# Anova

The ANOVA or Analysis of Variance test is conducted to examine if there is any difference between the means of two or more groups on a variable. To explain this better let us take the example of the test scores of students in an internal semester exam and in an external final exam. The ANOVA test allows you to categorize the groups according to the grades and then examine how performance differs according to the grades.

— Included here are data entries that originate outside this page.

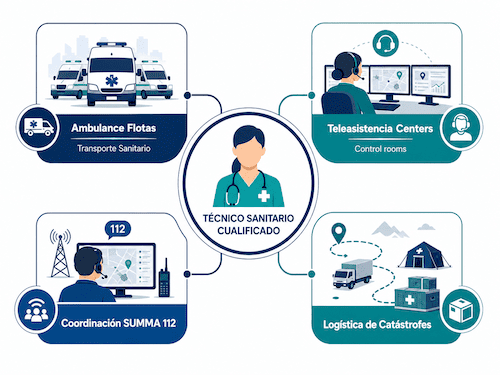 El ecosistema de inserción del Técnico en Emergencias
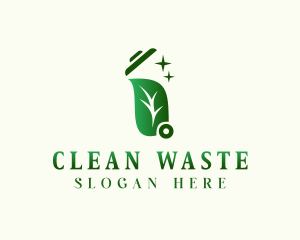 Garbage Trash Bin logo design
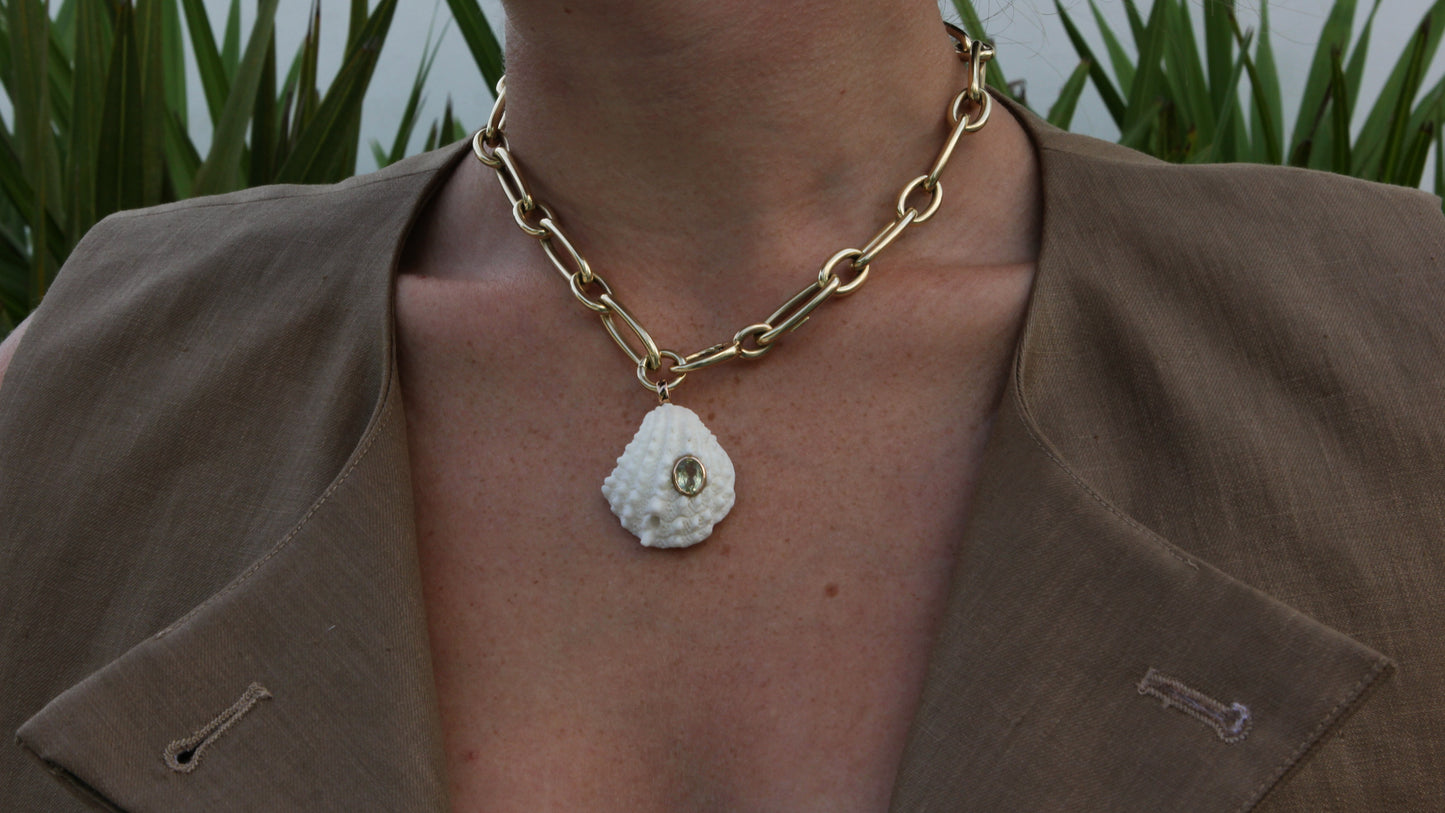 Classic Spiny Jewel Shell Pendant
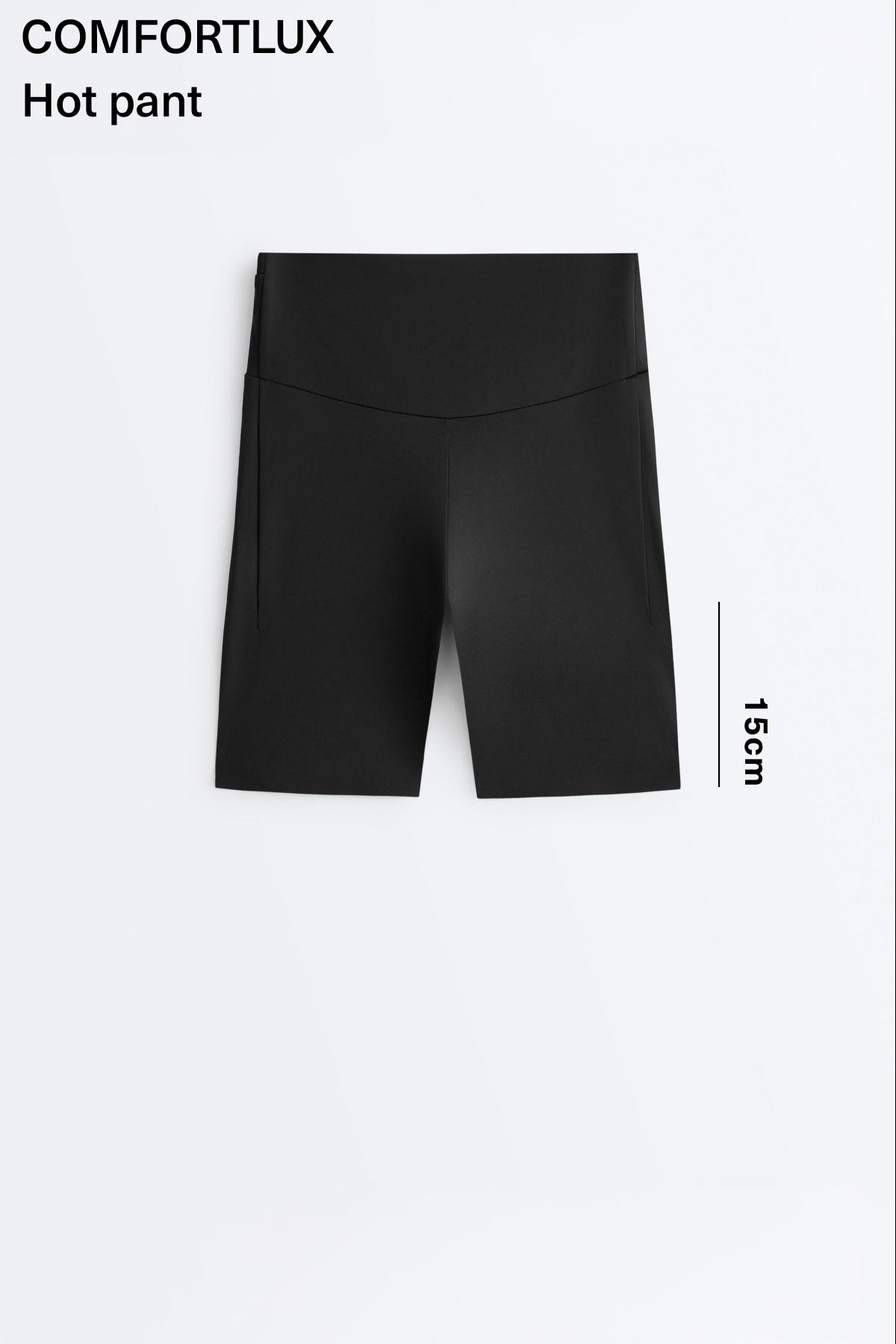High-rise 15cm running cycle leggings — BLACK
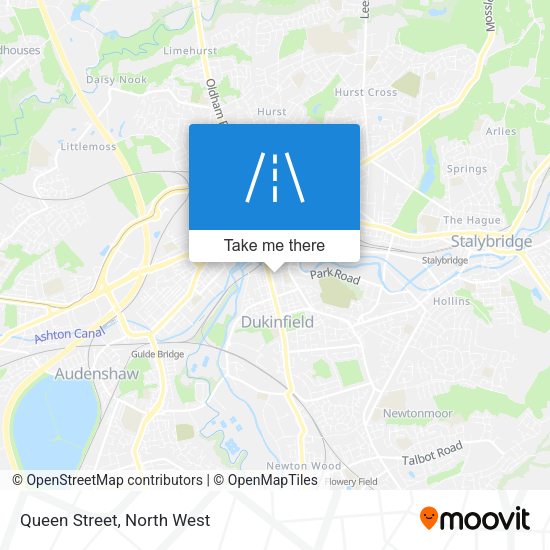 Queen Street map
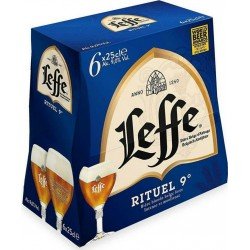 Leffe BiÃre blonde rituel 9% 6 x 25 cl 9%vol. - Selfdrinks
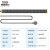突破PDU机房机柜电源插座接线板12位10A万用孔 16A插头 4000W 07TG131201左进线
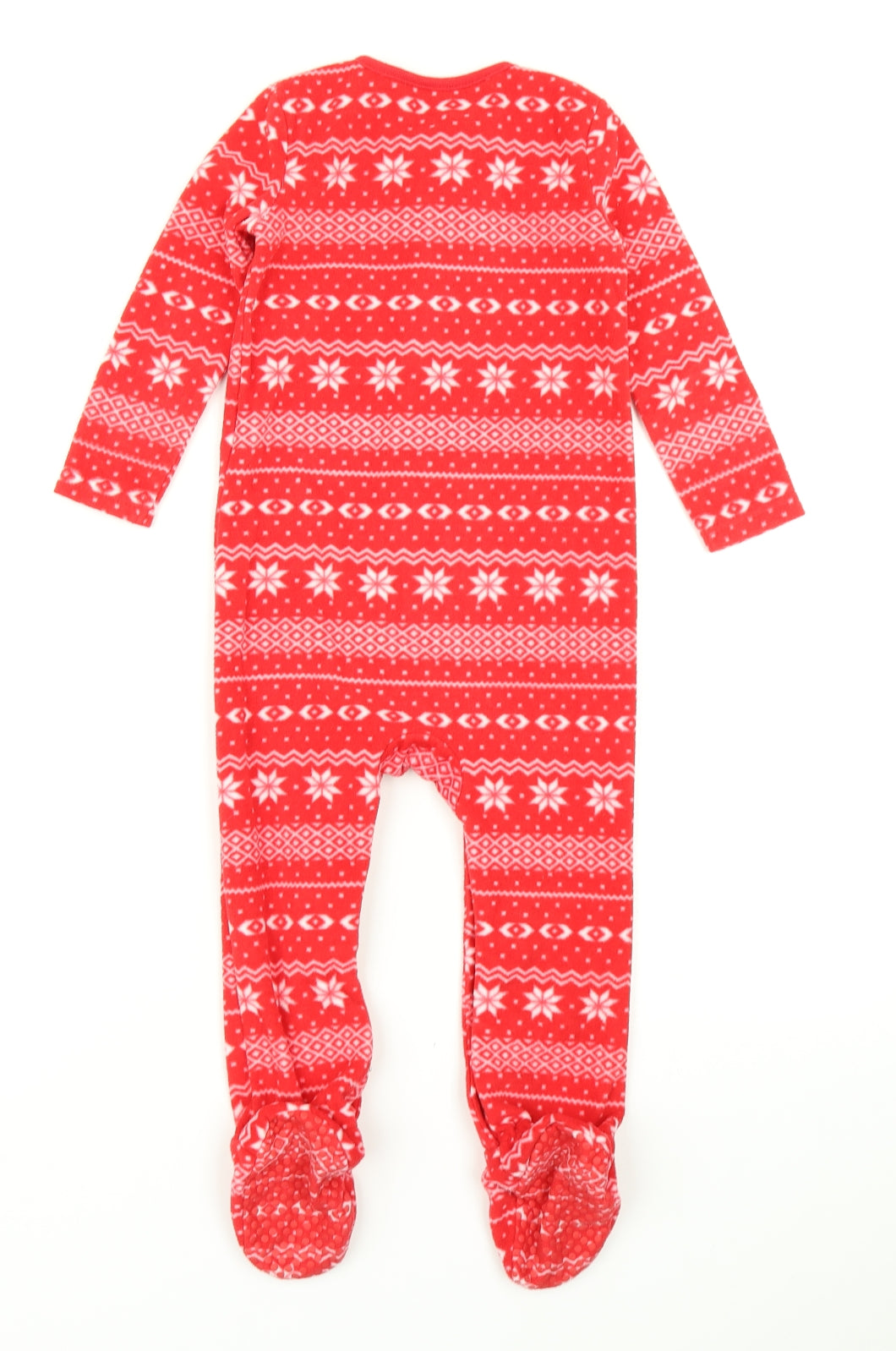 F&F Baby Red Fair Isle  Capri One Piece Size 18-24 Months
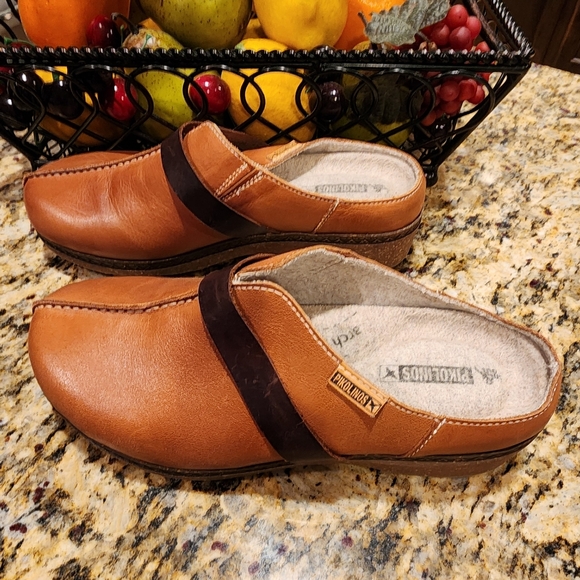 PIKOLINOS mule tan leather - Picture 2 of 4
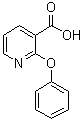 2-苯氧基-3-吡啶羧酸分子结构 (CAS 35620-71-4)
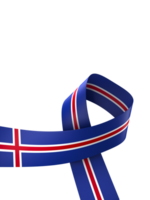 Iceland flag element design national independence day banner ribbon png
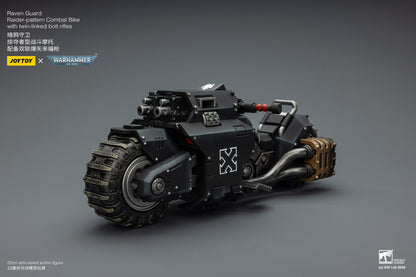 (15 MAR CUTOFF) Raider-pattern Combat Bike with twin-linked bolt rifles-Warhammer 40k 1/18 Action Figure By JOYTOY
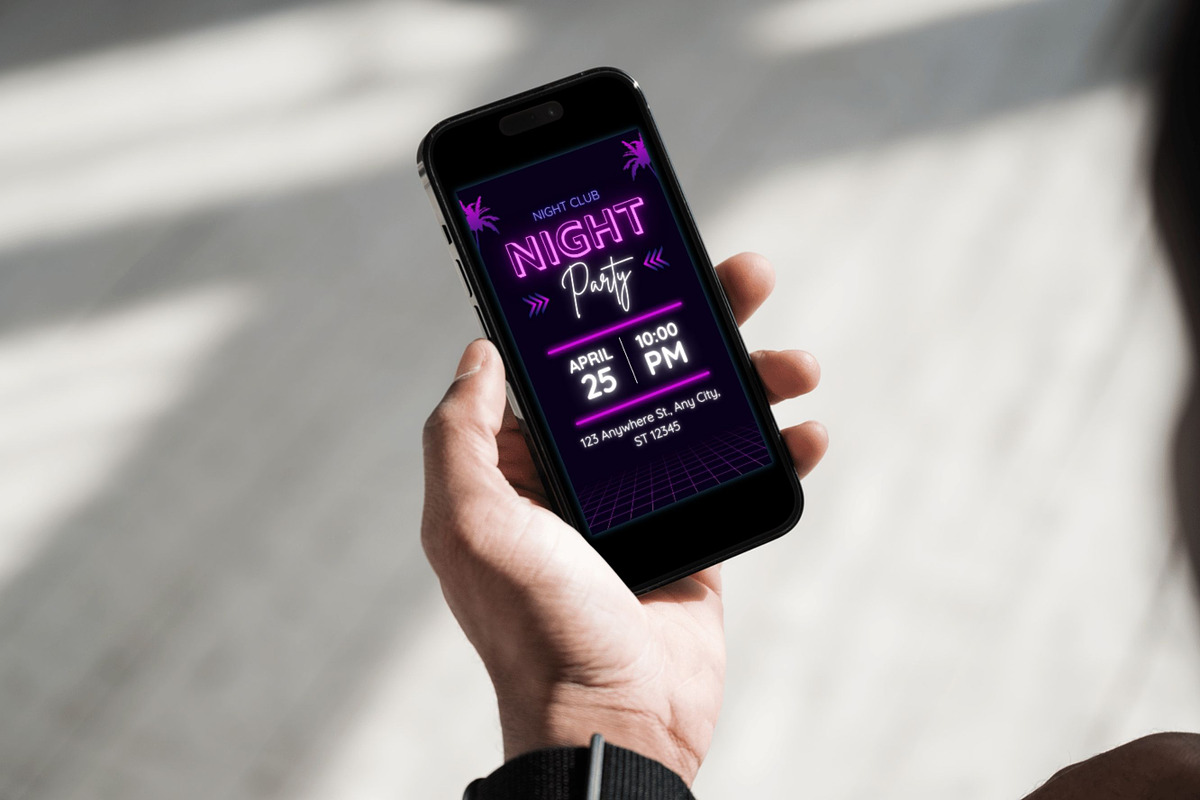 Neon Night Party Instagram Story, a Templates & Theme by TemplateCastleStore (Photo 8 of 9)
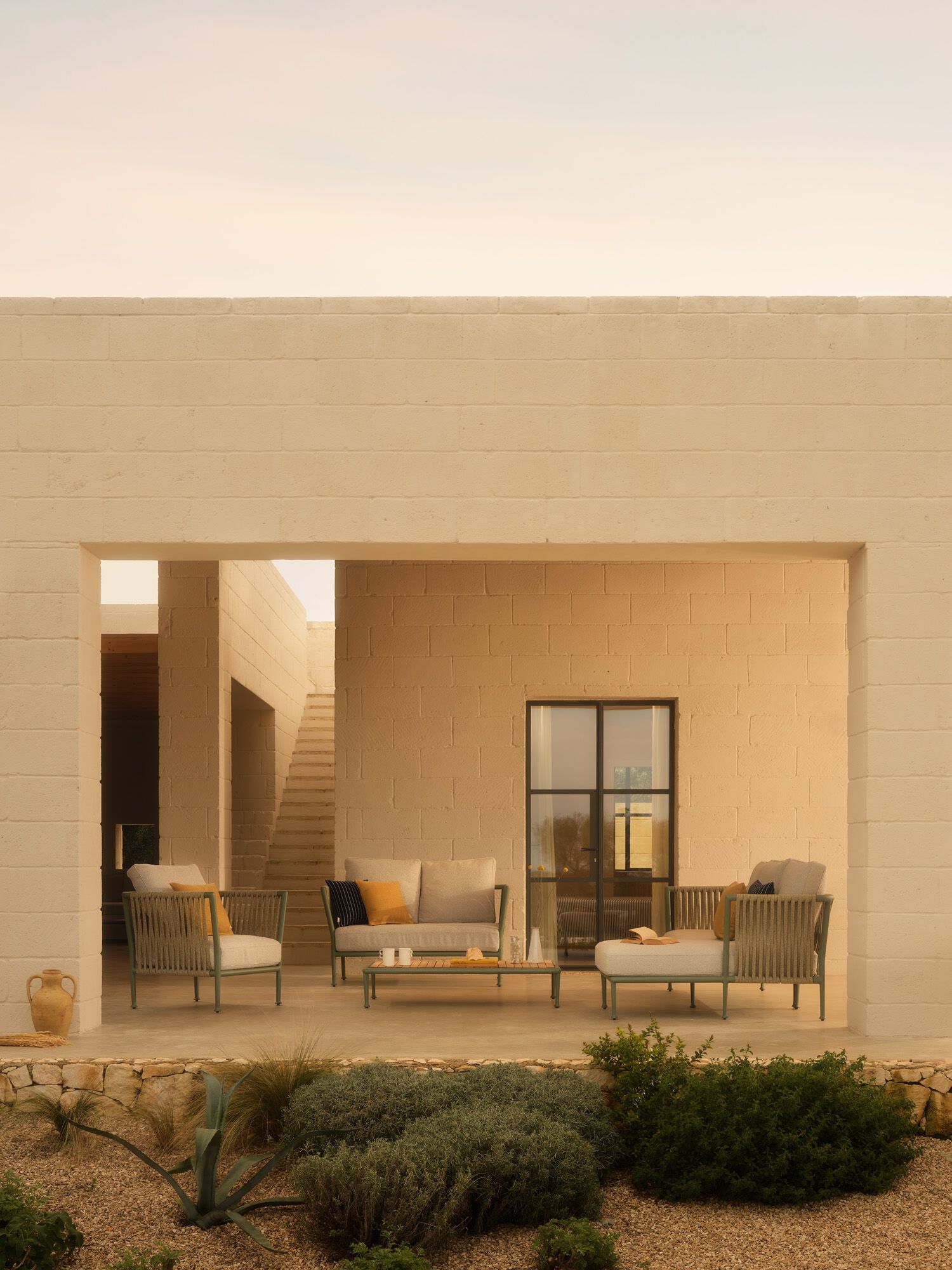 Садовое кресло с подлокотниками Unopiù Treble ARCH-00074536 - Вид №8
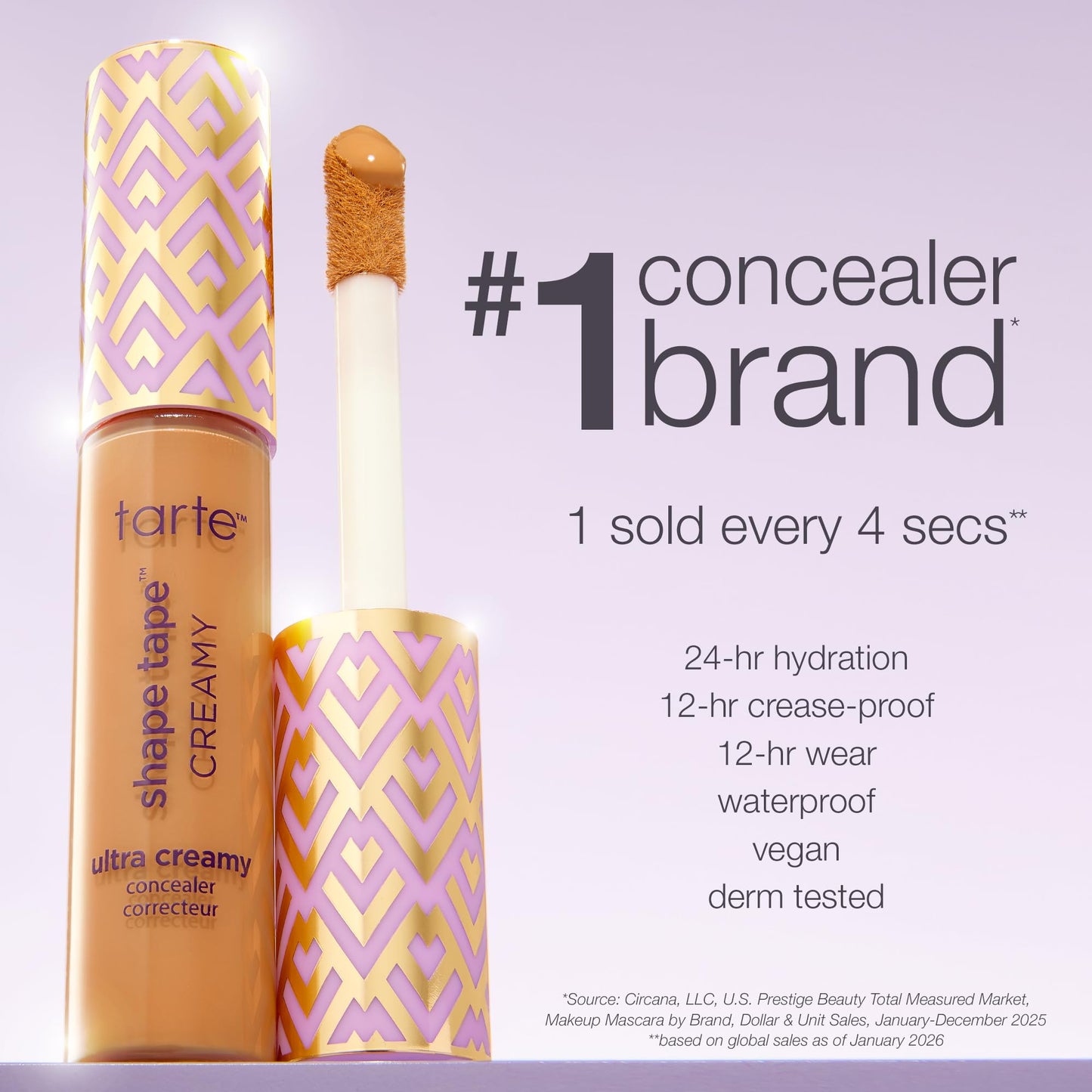 tarte shape tape creamy concealer – Full Coverage Makeup with Built-In Eye Cream, 24HR Hydrating Natural Moisturizing Matte Finish for Redness & Fine Lines, Vegan & Cruelty-Free, full size, 20S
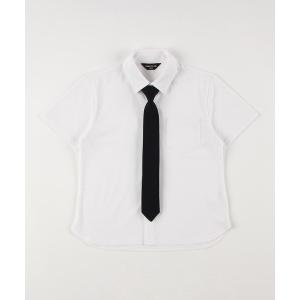 ブラウス シャツ 入学式 ネクタイ付き半袖シャツ(140-160cm) キッズ 子供服 男の子｜ZOZOTOWN Yahoo!店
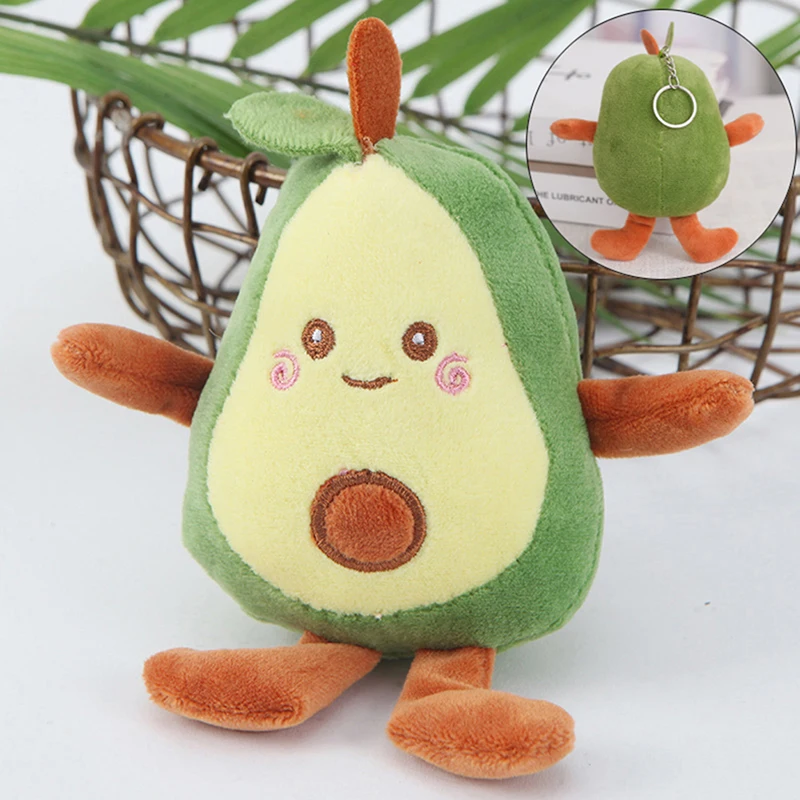 

Cute Cartoon Fruit Avocado Stuffing Doll Plush Toy Keychain Pendant Backpack Keyring Ornament Accessories Gift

There are different types of ANOVA. The simplest type is one way between groups. The example above corresponds to this type, where there is one factor namely the score, but the two samples are independent of each other. That is to say the scores in the internal exam have no bearing on the scores in the final exam. The second type is the repeated measures variety. This is normally used for measuring variances over a certain course of time. Let us say that we are administering a drug to a group of patients and looking at their response on Day 1, Day 2 and Day 3. In this case, the samples are dependent on each other; the outcome on Day 1 could have a bearing on the outcome of Day 2.

A third and more complex version is the factorial ANOVA. This is where there is more than one variable and more than one level. Let us say that a drug is being administered to men and women and their responses are being checked. Now we have two factors, men and women. We are also looking at their response on Day 1, Day 2 and Day 3. The responses of the men and women are not dependent on each other, but the response of one day has an effect on the response of the next day. Therefore, in this method variables can be both dependent and independent of each other.

Like all statistical tests, the ANOVA can only be successfully calculated based on some assumptions. The first assumption is that there is a normal distribution of sample means. The second assumption is that the errors in one set have no bearing on another set. They are all independent of each other. It is also assumed that scores, which are far away from the mean, are removed from the sample data to avoid a skewed population. The final assumption is that there is equality in the population variances in the different sets of each variable.